Autonomous Vehicle Sensors
AV sensors can be grouped in two broad classes: “cost-effective” and “high-performance.”
Both types of sensors capture data from the vehicle’s environment and elaborate it in-situ via pre-defined algorithmic processing before sending them to the controller. The difference is in the handling of pre-processed data.
In cost-effective sensors, pre-processed data is further run through local algorithms, for instance, tracking that generates lists of tracked objects dispatched upstream to the controller.
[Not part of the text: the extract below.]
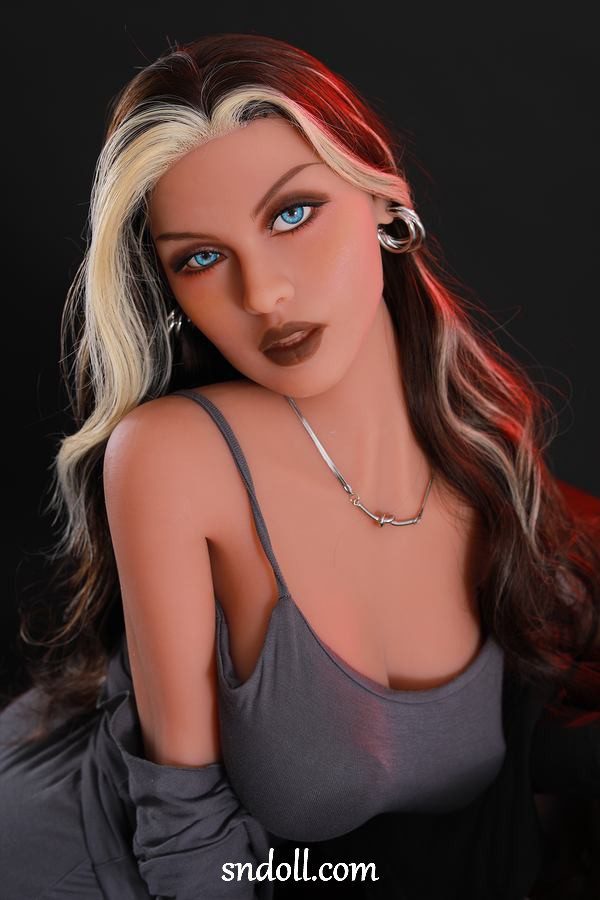 Super Realistic Boobs Sex Doll - Lakiesha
For example, a sensor, be it radar, lidar or camera, may detect a series of objects in front of the car and then run them through a local image classification algorithm in an attempt to identify a pedestrian about to cross a road.
In high-performance sensors, the pre-processed data from all sensors is fed straight through to the controller where it is run through a series of algorithms. For example, fusing this data with data captured from other sensors for the same object, or clustering that combines multiple detections into bigger units, or distance transforms, or particle filter, typically some type of Kalman filter. While the data is unique to each sensor, it corresponds to objects that can be represented by vectors in the real world (x,y location, distance, direction of travel, speed, etc.). Once ensured that all the vectors from all sensors are aligned and use the same reference frame, each vector is positioned on an x-y grid in a map. The 2D map populated with the vectors encompass the vehicle environment and can be described using a 2D matrix. See figure 3.
The complex processing generates tracking information. To prevent false information, the controller may track many more objects than what is being presented, and through a decision process resolve to track-and-show the object or continue tracking the object or to delete it from further consideration. An example of the input information to the first stages could be the 3D lidar cloud and the 2D and/or 3D camera images.
The two types of sensors lead to significant differences in the system requirements.
The local algorithms in cost-effective sensors reduce the computing power of the controller and the data-transfer bandwidth of the communication with the controller. However, the advantages trade off accuracy because of imperfections in the sensors. In poor light conditions, or bad weather, sensors may generate incomplete and ambiguous data that may cause serious problems. Missing a pedestrian crossing a road in a blizzard because the camera failed to identify the pedestrian may have dramatic consequences.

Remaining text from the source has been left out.